SUPPLIED MATERIAL:
++++++++++++++++++++
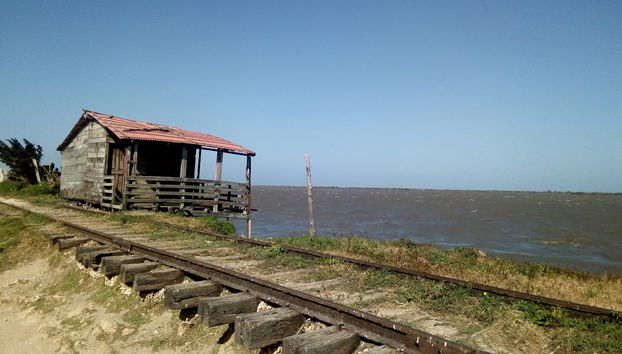 Excursión a Bocas de Ceniza - Foto 3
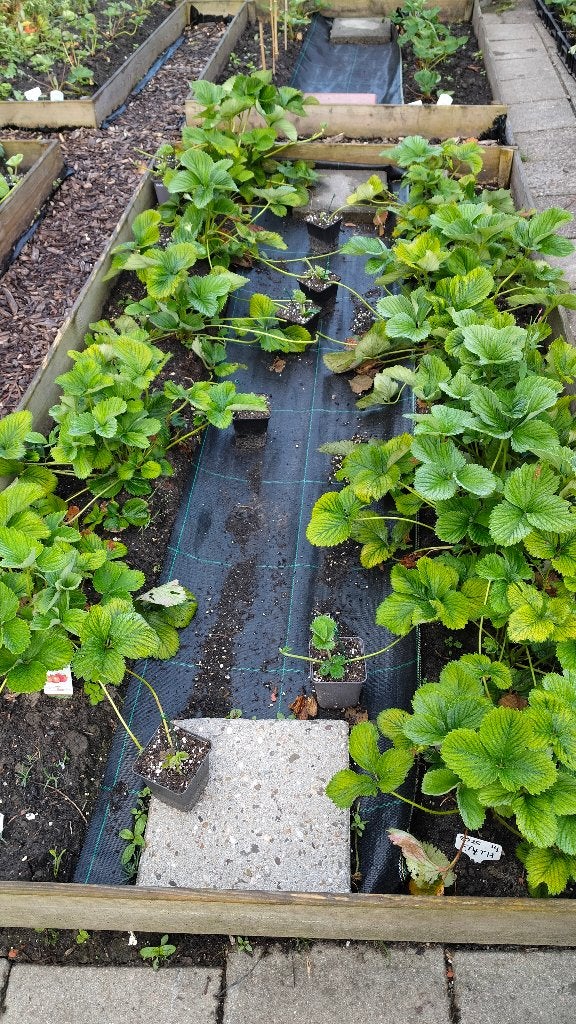 vele soorten aardbei aardbeien stekken stekjes planten, Ophalen of Verzenden, Zomer, Vaste plant, Volle zon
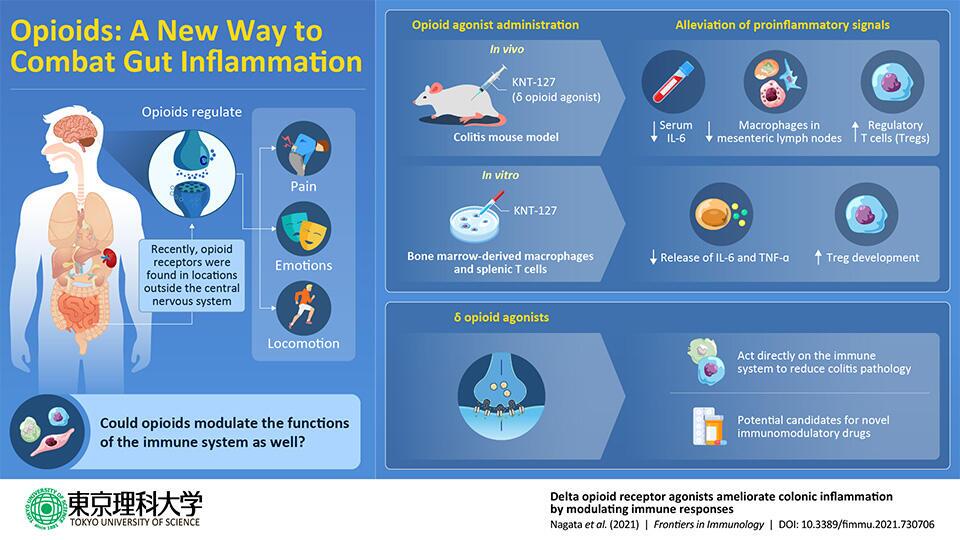 The study hypothesizes opioid drugs as a way to reduce inflammation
++++++++++++++++++++
TASK TO CARRY OUT: The listing above must be printed again exactly, minus its pictures.

RESULT OF THIS EXERCISE:
 Excursión a Bocas de Ceniza - Foto 3
 vele soorten aardbei aardbeien stekken stekjes planten, Ophalen of Verzenden, Zomer, Vaste plant, Volle zon
 The study hypothesizes opioid drugs as a way to reduce inflammation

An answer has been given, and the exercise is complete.